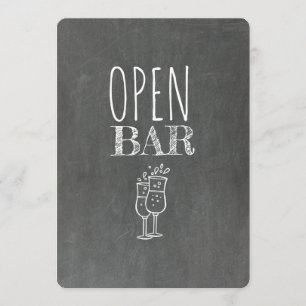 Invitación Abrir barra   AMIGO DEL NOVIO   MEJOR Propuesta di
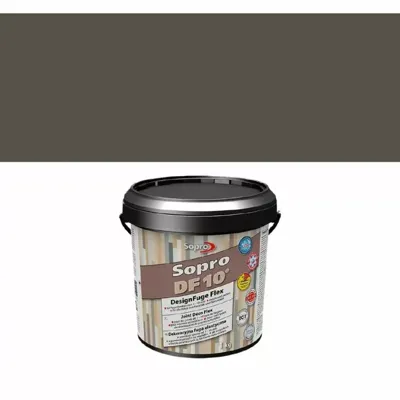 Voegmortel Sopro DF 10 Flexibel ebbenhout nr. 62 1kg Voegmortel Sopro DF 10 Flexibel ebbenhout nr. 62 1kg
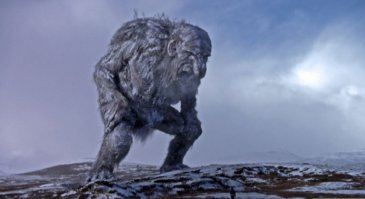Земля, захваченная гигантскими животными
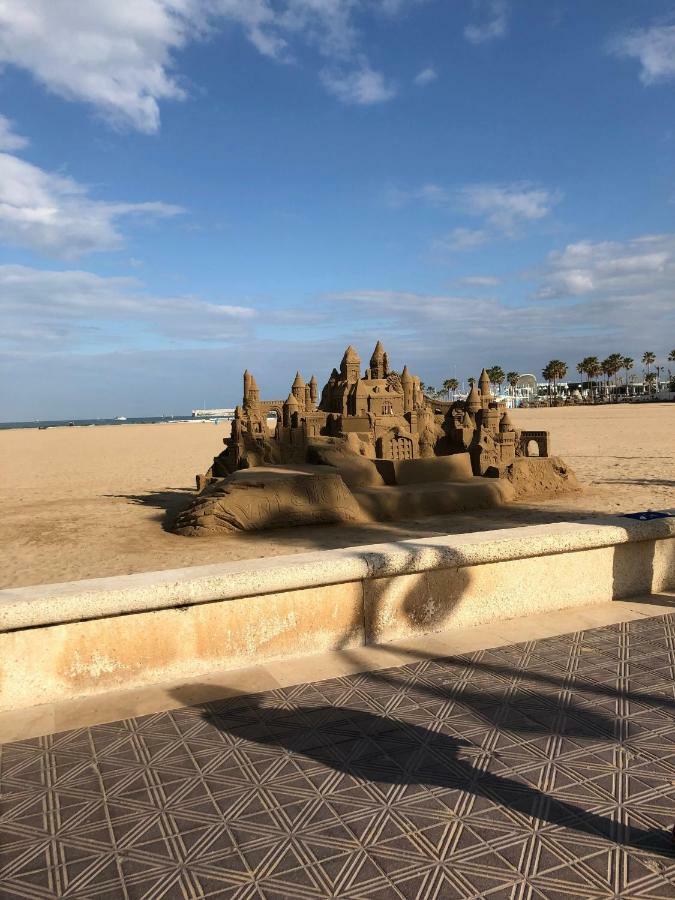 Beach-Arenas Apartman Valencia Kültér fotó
□ □ □ □
* Brief:
From the line containing "Voegmortel Sopro DF 10 Flexibel ebbenhout nr. 62 1kg Voegmortel" down to the end of the data above, reproduce each line exactly; no pictures.

* Answer area:
 Voegmortel Sopro DF 10 Flexibel ebbenhout nr. 62 1kg Voegmortel Sopro DF 10 Flexibel ebbenhout nr. 62 1kg
Земля, захваченная гигантскими животными
 Beach-Arenas Apartman Valencia Kültér fotó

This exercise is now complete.